▶ [Required work] Would you retype, word for word, the line with "Southern California's Central" and each line after it to the end of the entries below, leaving the pictures out?
______________________________
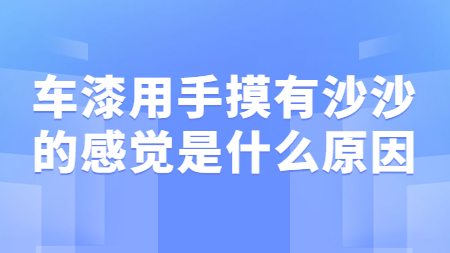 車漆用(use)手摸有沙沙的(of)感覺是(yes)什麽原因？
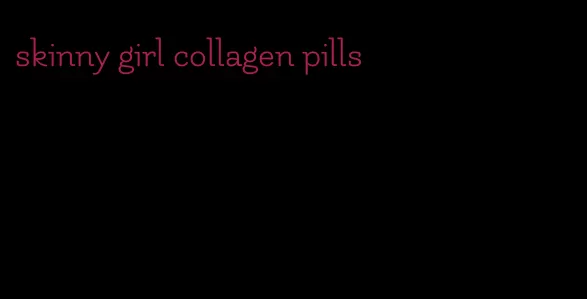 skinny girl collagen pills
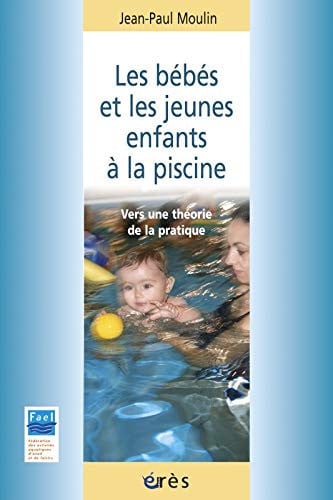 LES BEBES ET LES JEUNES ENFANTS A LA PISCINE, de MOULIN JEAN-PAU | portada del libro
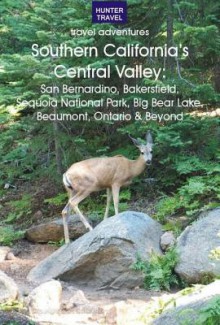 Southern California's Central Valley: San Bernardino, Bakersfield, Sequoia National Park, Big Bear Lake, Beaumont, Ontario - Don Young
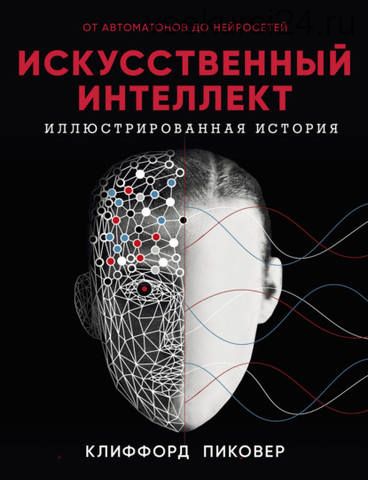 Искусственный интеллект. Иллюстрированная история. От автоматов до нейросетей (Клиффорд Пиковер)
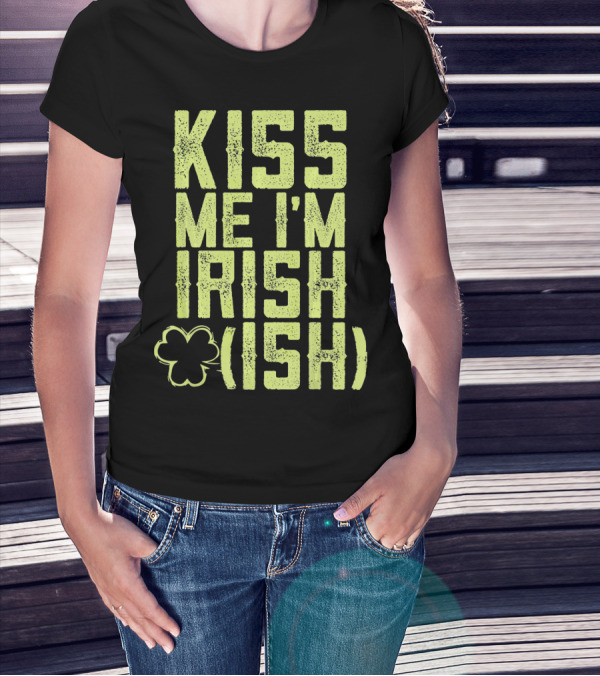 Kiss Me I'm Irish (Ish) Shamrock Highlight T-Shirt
______________________________
▶ [Reply to the task]
 Southern California's Central Valley: San Bernardino, Bakersfield, Sequoia National Park, Big Bear Lake, Beaumont, Ontario - Don Young
 Искусственный интеллект. Иллюстрированная история. От автоматов до нейросетей (Клиффорд Пиковер)
 Kiss Me I'm Irish (Ish) Shamrock Highlight T-Shirt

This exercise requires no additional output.